THE DATA START
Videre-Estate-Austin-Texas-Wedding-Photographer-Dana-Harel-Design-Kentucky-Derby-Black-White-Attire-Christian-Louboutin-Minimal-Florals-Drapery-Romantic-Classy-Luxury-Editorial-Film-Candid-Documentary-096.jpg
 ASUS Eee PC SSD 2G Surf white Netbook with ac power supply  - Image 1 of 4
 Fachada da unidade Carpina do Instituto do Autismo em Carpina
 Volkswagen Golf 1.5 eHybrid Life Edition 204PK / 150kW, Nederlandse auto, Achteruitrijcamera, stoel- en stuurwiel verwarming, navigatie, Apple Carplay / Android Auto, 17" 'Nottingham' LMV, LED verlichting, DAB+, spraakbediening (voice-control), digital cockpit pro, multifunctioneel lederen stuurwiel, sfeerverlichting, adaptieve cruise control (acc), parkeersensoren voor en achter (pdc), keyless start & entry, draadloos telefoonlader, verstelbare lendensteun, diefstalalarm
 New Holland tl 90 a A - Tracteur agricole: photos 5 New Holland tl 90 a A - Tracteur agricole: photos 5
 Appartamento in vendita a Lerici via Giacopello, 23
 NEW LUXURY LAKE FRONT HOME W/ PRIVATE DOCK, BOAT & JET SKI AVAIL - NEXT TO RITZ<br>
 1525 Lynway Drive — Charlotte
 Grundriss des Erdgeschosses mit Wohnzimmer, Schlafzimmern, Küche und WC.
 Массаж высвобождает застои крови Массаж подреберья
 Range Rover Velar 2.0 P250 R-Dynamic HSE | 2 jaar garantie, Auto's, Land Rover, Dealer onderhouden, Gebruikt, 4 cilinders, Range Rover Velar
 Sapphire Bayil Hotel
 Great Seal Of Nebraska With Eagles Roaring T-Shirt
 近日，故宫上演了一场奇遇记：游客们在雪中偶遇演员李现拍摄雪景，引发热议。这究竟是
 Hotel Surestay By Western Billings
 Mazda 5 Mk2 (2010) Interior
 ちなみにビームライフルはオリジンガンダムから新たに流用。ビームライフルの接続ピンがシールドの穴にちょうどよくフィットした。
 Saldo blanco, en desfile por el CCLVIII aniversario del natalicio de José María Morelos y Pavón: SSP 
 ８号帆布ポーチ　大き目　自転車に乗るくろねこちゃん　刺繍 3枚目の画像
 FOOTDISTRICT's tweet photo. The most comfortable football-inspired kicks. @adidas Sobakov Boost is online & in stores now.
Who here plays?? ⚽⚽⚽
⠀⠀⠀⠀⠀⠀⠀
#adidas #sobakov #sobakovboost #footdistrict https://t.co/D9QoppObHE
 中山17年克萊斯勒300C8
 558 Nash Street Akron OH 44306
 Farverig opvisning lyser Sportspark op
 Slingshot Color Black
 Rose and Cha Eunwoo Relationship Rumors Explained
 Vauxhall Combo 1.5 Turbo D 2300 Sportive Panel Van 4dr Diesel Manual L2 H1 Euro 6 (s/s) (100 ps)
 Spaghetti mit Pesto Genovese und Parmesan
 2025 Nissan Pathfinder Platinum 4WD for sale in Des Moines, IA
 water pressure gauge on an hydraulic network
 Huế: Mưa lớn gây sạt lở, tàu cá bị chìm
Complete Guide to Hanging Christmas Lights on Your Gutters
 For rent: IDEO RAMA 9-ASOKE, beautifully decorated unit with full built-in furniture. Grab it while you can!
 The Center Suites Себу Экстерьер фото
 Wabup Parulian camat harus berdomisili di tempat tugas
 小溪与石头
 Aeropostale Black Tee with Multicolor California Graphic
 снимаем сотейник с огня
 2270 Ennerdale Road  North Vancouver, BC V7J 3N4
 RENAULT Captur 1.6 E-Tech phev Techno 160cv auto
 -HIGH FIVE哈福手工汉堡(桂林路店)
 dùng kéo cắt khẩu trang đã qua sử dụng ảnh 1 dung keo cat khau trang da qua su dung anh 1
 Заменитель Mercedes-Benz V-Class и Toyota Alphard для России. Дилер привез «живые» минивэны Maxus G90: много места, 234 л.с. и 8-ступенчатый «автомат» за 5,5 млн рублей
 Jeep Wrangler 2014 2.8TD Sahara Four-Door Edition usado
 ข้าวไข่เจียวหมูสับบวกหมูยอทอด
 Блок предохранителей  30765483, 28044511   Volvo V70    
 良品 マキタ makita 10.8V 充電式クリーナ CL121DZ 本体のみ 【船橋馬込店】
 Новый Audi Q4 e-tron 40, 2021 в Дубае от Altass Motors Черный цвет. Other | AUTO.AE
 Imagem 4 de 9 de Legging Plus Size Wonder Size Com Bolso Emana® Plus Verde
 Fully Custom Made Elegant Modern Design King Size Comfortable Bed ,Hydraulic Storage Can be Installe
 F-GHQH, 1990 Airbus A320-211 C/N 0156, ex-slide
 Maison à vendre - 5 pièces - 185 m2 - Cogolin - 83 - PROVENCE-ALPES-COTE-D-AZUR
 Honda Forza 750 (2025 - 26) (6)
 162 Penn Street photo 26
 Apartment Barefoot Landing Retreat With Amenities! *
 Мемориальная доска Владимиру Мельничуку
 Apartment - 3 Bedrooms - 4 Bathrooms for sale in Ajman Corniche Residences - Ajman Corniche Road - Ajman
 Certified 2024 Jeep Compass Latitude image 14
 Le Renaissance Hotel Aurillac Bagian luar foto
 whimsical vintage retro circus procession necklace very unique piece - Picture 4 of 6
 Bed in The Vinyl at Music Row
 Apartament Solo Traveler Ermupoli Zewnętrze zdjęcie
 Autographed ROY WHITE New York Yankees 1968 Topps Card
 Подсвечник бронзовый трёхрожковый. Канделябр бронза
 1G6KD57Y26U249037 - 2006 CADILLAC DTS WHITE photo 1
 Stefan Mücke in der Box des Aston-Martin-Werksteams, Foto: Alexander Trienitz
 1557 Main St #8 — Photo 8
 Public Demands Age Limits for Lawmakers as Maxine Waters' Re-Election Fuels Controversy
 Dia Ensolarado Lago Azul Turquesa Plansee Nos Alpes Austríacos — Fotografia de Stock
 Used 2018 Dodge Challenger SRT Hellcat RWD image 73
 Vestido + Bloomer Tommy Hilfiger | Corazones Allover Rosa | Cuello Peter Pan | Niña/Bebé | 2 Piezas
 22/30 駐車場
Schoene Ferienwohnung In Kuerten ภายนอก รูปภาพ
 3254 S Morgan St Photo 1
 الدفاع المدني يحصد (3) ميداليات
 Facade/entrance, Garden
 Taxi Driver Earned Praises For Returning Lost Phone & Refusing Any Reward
THE DATA END
WORK INSTRUCTION: Look above for the line with "558 Nash Street Akron OH 44306" and the line with "Complete Guide to". Retype those two lines and every line between them exactly, adding nothing.

RESULT FOR THIS TASK:
 558 Nash Street Akron OH 44306
 Farverig opvisning lyser Sportspark op
 Slingshot Color Black
 Rose and Cha Eunwoo Relationship Rumors Explained
 Vauxhall Combo 1.5 Turbo D 2300 Sportive Panel Van 4dr Diesel Manual L2 H1 Euro 6 (s/s) (100 ps)
 Spaghetti mit Pesto Genovese und Parmesan
 2025 Nissan Pathfinder Platinum 4WD for sale in Des Moines, IA
 water pressure gauge on an hydraulic network
 Huế: Mưa lớn gây sạt lở, tàu cá bị chìm
Complete Guide to Hanging Christmas Lights on Your Gutters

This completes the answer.